Confronté à cette déferlante de stupidités morbides, il n’y a au fond qu’une interrogation qui tienne : comment enrayer leur diffusion ? Et ce corollaire : pour mieux l’affronter, faut-il en parler ou bien l’ignorer ? Dans un article du quotidien israëlien Haaretz(5), la question est ainsi posée : « Est-ce qu’on doit encore discuter de lui ? Selon certains critiques, il faudrait s’abstenir. Écrire sur lui, aussi critique puisse être la perspective, c’est lui donner ce dont il raffole le plus : de l’attention. »

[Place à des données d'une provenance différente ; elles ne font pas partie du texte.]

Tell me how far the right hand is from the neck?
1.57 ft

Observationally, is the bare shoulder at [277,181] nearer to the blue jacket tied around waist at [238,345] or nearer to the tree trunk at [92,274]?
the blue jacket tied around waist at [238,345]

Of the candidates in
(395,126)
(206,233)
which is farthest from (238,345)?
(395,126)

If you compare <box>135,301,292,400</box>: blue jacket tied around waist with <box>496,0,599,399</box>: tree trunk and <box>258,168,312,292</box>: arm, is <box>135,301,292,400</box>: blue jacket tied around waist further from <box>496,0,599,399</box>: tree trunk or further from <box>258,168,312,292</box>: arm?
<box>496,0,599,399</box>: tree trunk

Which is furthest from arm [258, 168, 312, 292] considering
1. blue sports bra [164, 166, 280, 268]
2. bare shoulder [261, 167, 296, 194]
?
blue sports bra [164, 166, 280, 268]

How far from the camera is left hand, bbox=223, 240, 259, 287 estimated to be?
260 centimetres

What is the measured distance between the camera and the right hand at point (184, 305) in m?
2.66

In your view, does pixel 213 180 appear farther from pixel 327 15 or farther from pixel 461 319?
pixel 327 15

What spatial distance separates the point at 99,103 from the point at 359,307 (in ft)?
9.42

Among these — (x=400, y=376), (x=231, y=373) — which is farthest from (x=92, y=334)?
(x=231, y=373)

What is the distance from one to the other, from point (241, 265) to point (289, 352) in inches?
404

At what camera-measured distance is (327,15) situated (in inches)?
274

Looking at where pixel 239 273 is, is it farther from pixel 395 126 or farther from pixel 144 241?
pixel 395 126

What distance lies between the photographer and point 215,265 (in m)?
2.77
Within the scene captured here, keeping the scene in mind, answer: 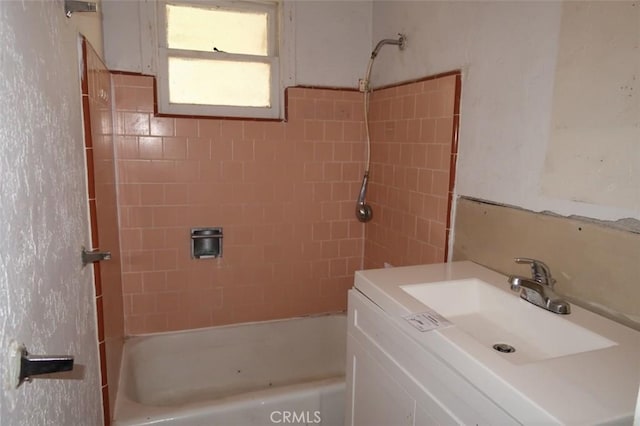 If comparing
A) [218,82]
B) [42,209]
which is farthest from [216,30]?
[42,209]

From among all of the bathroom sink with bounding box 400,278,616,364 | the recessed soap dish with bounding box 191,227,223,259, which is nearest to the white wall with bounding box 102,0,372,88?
the recessed soap dish with bounding box 191,227,223,259

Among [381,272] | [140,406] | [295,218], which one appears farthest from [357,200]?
[140,406]

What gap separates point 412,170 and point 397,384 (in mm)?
1074

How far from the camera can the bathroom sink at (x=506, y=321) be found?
102cm

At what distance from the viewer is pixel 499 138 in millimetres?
1421

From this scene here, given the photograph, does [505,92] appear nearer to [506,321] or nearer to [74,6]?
[506,321]

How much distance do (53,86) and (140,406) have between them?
1204 millimetres

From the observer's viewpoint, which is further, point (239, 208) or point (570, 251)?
point (239, 208)

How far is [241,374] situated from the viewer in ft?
7.23

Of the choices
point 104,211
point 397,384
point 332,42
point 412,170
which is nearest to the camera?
point 397,384

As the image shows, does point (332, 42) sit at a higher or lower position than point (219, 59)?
higher

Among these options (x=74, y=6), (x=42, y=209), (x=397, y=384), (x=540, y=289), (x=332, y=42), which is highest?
(x=332, y=42)

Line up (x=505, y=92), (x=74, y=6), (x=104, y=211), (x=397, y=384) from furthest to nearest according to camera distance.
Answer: (x=104, y=211) < (x=505, y=92) < (x=397, y=384) < (x=74, y=6)

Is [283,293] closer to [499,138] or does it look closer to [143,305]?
[143,305] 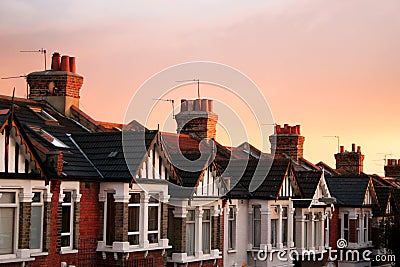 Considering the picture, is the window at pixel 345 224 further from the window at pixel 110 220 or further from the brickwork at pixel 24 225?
the brickwork at pixel 24 225

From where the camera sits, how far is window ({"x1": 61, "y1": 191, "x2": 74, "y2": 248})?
2045 cm

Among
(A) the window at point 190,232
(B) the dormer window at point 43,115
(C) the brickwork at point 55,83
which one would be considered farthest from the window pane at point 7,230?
(C) the brickwork at point 55,83

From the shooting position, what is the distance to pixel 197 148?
30.8m

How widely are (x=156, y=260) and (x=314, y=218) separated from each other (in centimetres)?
1266

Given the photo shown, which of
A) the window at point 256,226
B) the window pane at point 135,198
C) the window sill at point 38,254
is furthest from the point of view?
the window at point 256,226

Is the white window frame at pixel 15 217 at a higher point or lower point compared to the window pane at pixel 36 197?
lower

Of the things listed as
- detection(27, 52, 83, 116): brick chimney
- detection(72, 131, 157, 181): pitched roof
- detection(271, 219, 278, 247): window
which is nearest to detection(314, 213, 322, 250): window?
detection(271, 219, 278, 247): window

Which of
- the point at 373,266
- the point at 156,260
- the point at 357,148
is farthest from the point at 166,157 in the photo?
the point at 357,148

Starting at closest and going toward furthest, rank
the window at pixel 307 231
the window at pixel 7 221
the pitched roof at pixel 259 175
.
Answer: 1. the window at pixel 7 221
2. the pitched roof at pixel 259 175
3. the window at pixel 307 231

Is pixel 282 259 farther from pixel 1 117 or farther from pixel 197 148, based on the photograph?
pixel 1 117

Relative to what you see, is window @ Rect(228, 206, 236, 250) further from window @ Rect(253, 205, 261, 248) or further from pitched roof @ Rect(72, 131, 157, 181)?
pitched roof @ Rect(72, 131, 157, 181)

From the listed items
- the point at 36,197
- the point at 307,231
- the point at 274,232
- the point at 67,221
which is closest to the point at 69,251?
the point at 67,221

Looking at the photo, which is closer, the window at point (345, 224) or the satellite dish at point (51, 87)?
the satellite dish at point (51, 87)

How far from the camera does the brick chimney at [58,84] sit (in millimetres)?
27453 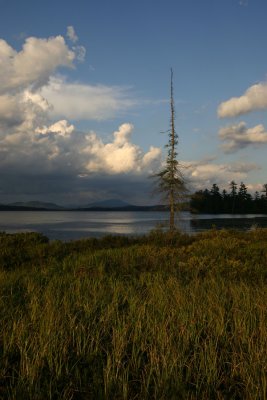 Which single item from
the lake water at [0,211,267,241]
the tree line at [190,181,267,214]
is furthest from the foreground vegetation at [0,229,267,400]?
the tree line at [190,181,267,214]

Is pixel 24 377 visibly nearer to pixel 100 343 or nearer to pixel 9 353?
pixel 9 353

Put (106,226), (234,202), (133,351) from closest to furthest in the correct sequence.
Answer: (133,351)
(106,226)
(234,202)

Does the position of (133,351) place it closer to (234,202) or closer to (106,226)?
(106,226)

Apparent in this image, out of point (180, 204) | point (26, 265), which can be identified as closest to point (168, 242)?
point (180, 204)

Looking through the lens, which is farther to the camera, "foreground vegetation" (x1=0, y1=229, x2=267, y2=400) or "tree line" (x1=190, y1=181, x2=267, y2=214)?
"tree line" (x1=190, y1=181, x2=267, y2=214)

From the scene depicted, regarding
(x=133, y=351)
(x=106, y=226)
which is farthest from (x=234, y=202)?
(x=133, y=351)

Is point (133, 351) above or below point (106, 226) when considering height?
A: above

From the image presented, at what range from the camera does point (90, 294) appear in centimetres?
736

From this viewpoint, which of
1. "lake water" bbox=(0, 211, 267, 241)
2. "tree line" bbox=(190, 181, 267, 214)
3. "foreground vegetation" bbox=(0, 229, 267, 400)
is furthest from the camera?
"tree line" bbox=(190, 181, 267, 214)

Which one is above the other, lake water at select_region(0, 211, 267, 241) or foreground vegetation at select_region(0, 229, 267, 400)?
foreground vegetation at select_region(0, 229, 267, 400)

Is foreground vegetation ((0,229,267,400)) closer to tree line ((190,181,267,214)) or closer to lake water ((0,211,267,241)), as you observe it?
lake water ((0,211,267,241))

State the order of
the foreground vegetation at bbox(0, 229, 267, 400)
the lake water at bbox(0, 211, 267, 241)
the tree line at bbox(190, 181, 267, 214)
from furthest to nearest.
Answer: the tree line at bbox(190, 181, 267, 214)
the lake water at bbox(0, 211, 267, 241)
the foreground vegetation at bbox(0, 229, 267, 400)

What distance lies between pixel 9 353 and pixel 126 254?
9207mm

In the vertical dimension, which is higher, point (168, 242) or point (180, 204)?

La pantalonnade de son affrontement télévisé survendu avec Mélenchon le 23 septembre a en tout cas secoué le panier d’extrême-gauche, ceux qui estiment qu’il faut l’affronter dans l’arène médiatique et ceux qui rétorquent que toute tentative en ce sens sur une chaîne de type BFM ne peut que nourrir le monstre. « Comment imaginer que se soumettre aux dispositifs médiatiques dont il est un pur produit pourrait contribuer à le combattre ? », estime le sociologue Geoffroy de Lagasnerie dans un récent article de Mediapart(6). Et d’ajouter : « C’est juste alimenter la scène et le dispositif qui l’alimentent. »

J’en ai parlé avec quelques amis il y a peu. On n’était pas forcément d’accord. Pour Yvette, à l’origine de cet article, il y avait urgence à le désarçonner : « Il faut le défoncer ». Une ligne d’attaque qui ne faisait pas l’unanimité : « Taper sur la merde, ça éclabousse », estimait l’amigo Juan. Mais les présents ce jour-là étaient plus ou moins d’accord pour dire, selon la formule d’Yvette, que c’est « un écran de fumée, l’arbre qui cache la forêt. »

Car, évidemment, ledit virus n’avance pas seul, solidement inséré qu’il est dans un système médiatique penchant de plus en plus vers l’outrance, le clash, à la pêche des bons clients fachos. Pire, ainsi que le rappelle Ugo Palhetta dans l’article de Contretemps déjà cité : « Ce n’est pas qu’un artefact médiatique et sondagier ; il représente aussi pour certaines franges de la bourgeoisie une possible solution de rechange. » Et d’en tirer le constat qui selon lui s’impose : « L’ignorer n’est malheureusement pas une option pour les anticapitalistes et les mouvements sociaux. Si celui-ci est bien le produit de deux décennies au moins de transformations politiques et idéologiques, et en grande partie un monstre créé de toutes pièces par les médias dominants, il est à présent un acteur central de la fascisation, qu’il nous faut impérativement combattre en tant que tel.(7)»

C’est ici que débarque en vrombissant la conclusion qui s’impose, et paraphrase la précédente citation : le critiquer ne suffira pas. Occulter son discours ou son patronyme non plus. Et contrairement à lui, injustice flagrante, on ne consolidera pas notre position politique en enchaînant les dîners chics. En conséquence de quoi il va falloir se retrousser les manches, dans la rue et partout où s’agitent les nouveaux bruns. Le « Toi qui entre ici, abandonne tout espoir » de la Divine Comédie s’adapte fort bien à la lecture de la prose de ce morbide Voldemort, et le monde qu’il convoque ne constitue pas, à l’évidence, un horizon des plus désirables.

Pour bifurquer, il faudra rétorquer.

Emilien Bernard – Texte : Foolmoon

(1) « Marathon CNews : 25 heures en enfer cathodique », CQFD n° 192, novembre 2020.

(2) « Les Zombies de radio courtoisie », CQFD n° 160, décembre 2017.

(3) Propos déjà développé dans un de ses précédents ouvrages vomitifs, Le Premier sexe (2006), dans lequel il pique pas mal des fonds de tiroir d’Alain Soral sur la question.

(4) « De quoi Voldemort est-il le symptôme morbide ? », 11/10/21

(5) « Voldemort Isn’t France’s Donald Trump. He’s Far Worse », 25/10/21.

(6) « Les intellos de gauche phosphorent sur la ‘voldemorisation’ des esprits », 23/09/21.

(7) À toutes fins utiles, mentionner que le même Ugo Palhetta vient de sortir avec Ludivine Bantigny un petit livre fort utile et précieux, Face à la menace fasciste, Textuel.